The Unsinkable Foam Kayak Anyone Can Build, 16 Pounds and Eight Feet of Fun
Step 3:
Going 3D this is the exciting step, in a very short time the boat takes its shape.
Take your two side panels, unclamp them, put them on the ground or sawhorses if you don't want sore knees. Make sure the bow end of each is facing the same direction, and the marked up sides face in toward each other.
Take your bulkheads and line them up with the bulkhead station lines you made on the sidewalls, align the top edges so they are all even (they will line up on the bottom as you are building upside down) use two long drywall screws to anchor each bulkhead. Once again you are dealing with 1" foam so put your bulkheads forward of the mark at the forward bulkhead, and aft of the mark at the aft bulkhead.
Now draw the ends in and screw them into the bow and stern bulkheads, you will find this easier to do if you profile the ends of the bulkheads to match the curve of the sidewalls.

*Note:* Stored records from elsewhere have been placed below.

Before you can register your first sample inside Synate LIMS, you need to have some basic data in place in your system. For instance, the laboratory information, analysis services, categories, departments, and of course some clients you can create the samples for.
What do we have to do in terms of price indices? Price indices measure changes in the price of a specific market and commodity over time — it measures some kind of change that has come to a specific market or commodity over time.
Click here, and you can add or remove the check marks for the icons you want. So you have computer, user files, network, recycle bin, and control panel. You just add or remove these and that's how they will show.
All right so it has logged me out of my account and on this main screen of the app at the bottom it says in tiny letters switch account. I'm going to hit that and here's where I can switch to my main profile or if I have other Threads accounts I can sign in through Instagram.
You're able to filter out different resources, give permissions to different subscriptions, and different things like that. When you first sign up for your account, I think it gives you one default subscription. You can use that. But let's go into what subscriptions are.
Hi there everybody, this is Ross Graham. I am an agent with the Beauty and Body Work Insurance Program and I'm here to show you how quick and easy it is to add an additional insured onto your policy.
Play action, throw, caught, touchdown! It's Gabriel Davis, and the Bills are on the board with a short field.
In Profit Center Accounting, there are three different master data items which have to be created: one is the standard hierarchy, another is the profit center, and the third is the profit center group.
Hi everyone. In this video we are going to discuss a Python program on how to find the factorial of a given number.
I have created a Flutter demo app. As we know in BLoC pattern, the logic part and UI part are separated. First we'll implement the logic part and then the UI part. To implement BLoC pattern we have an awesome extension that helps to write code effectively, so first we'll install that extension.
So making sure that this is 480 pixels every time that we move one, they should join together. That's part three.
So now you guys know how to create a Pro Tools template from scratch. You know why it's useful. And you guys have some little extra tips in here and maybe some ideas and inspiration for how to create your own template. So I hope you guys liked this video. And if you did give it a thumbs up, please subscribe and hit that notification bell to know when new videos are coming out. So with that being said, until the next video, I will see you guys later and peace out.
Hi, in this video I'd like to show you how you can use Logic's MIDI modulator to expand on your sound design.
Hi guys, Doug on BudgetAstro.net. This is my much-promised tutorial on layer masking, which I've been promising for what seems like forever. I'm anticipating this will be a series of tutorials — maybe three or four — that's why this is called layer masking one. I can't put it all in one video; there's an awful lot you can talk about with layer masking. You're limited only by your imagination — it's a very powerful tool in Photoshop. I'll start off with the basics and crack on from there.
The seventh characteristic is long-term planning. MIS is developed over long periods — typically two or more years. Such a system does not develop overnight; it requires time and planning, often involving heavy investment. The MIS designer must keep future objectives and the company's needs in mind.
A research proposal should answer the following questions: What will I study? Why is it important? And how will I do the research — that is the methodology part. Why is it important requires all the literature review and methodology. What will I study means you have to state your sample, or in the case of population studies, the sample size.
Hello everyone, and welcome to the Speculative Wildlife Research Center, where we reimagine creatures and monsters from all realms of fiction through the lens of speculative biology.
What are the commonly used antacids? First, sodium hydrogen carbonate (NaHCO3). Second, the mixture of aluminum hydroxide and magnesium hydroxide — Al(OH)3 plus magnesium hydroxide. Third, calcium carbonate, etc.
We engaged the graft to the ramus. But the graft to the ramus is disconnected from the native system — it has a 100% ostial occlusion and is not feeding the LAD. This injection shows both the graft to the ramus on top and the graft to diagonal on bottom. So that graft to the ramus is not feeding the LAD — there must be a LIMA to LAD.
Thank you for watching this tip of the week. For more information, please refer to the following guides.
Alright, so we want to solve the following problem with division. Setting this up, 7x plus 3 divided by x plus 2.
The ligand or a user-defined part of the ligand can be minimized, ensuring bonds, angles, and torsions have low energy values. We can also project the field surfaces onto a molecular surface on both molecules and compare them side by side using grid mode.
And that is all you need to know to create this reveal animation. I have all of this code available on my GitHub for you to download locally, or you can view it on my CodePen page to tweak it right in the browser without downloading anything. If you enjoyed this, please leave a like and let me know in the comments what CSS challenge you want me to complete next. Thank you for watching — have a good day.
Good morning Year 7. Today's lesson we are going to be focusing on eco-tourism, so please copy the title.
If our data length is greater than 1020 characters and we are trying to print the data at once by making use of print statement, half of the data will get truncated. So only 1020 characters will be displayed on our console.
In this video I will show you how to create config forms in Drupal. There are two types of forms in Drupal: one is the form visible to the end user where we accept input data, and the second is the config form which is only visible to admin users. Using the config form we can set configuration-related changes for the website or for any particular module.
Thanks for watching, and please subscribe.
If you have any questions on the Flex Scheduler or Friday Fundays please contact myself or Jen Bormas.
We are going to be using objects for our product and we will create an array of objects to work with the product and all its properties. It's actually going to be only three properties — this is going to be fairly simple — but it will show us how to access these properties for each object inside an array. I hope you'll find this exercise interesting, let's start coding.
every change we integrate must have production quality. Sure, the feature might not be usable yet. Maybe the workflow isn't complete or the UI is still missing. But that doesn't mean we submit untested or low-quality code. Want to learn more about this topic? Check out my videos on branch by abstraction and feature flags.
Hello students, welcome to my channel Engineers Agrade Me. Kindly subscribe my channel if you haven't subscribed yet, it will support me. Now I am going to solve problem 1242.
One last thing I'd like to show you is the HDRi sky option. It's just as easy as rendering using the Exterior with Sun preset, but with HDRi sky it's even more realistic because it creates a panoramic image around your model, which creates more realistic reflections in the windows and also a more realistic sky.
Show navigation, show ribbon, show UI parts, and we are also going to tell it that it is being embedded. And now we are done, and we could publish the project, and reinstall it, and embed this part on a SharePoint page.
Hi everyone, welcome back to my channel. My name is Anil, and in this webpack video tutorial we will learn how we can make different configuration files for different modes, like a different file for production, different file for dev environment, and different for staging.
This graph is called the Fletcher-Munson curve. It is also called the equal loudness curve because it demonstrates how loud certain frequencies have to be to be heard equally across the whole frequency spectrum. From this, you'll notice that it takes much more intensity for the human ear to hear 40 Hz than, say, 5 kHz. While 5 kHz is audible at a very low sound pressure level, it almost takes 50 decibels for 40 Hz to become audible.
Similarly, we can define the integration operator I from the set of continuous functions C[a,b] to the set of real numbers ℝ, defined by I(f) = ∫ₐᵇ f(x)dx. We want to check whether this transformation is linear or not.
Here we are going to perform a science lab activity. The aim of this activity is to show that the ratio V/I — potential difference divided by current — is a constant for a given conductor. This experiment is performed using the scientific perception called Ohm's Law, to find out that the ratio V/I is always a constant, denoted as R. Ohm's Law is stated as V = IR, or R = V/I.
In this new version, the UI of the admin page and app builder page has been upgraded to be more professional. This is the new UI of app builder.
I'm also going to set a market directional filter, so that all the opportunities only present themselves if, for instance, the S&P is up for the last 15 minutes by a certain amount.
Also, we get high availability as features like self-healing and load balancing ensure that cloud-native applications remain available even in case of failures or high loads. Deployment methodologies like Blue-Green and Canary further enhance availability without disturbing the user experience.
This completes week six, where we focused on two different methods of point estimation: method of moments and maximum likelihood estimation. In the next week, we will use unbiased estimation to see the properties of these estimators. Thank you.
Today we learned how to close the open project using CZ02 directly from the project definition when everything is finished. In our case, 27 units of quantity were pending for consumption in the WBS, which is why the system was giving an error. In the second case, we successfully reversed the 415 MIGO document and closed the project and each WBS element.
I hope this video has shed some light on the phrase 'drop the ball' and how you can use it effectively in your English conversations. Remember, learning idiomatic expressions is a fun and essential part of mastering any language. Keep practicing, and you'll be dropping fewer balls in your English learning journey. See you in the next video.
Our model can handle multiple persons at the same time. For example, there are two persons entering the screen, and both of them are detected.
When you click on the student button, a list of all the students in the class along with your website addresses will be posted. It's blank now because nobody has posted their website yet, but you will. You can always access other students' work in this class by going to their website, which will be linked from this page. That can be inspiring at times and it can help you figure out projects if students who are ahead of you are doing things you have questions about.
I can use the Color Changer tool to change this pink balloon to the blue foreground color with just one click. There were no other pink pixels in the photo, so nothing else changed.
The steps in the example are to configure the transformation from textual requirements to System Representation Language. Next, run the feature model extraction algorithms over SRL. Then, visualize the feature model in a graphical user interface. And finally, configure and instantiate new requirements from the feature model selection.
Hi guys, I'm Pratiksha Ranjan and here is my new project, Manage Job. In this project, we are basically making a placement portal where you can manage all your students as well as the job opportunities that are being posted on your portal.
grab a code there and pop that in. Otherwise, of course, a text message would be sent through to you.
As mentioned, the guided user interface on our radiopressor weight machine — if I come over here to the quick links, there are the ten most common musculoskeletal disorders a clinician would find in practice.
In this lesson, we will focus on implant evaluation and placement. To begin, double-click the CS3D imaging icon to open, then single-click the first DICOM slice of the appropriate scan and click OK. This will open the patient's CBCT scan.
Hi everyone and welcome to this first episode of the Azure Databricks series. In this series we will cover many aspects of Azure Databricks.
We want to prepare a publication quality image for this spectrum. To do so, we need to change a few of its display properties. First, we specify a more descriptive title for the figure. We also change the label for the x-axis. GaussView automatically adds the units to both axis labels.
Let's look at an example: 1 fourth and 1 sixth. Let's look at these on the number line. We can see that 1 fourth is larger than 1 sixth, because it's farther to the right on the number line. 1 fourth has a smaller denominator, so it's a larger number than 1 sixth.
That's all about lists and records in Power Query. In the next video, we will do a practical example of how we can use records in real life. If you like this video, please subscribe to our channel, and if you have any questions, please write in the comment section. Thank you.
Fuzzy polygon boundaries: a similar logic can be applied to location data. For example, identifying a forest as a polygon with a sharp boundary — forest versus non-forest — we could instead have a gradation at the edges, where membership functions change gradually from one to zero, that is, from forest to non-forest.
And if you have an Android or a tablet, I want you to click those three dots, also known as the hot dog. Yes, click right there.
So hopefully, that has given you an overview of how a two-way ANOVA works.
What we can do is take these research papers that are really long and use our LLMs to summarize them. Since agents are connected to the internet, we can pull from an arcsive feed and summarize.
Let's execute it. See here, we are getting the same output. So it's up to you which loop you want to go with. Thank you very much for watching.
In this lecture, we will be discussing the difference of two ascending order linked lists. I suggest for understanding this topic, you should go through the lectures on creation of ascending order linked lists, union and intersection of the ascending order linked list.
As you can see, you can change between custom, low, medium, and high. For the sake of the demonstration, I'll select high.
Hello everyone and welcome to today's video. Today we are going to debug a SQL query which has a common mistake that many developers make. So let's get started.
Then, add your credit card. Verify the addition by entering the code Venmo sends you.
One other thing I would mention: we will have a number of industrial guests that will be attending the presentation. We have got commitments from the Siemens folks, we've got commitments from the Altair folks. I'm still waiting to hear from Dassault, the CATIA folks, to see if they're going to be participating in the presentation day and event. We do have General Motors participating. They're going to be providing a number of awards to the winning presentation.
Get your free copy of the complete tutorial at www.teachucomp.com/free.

I used duct tape to hold every thing together at the corners.
Once again the 1" foam causes another problem, when we shortened the bulkheads we didn't recut them to the new end dimensions (notice the gap under the sureform), it will help if you mark where the two panels meet at the bottom edge, then draw a new line from there to the point of the V on the center line, then cut the bulkhead to the new dimension.
I used the sureform to taper the bottom edge of the foam sidewalls to match the angle the bottom will meet them, you can wait to do this until you have the bottom ready to go on.
Step 4:
Now it all gets messy
(wear clothes you don't care about ruining for this step, and wear gloves, I'm a mechanic for a living, so if I walk around with black patches on my hands nobody is surprised, other lines of work this could be a problem, once the glue cures onto your skin, it won't come off easily).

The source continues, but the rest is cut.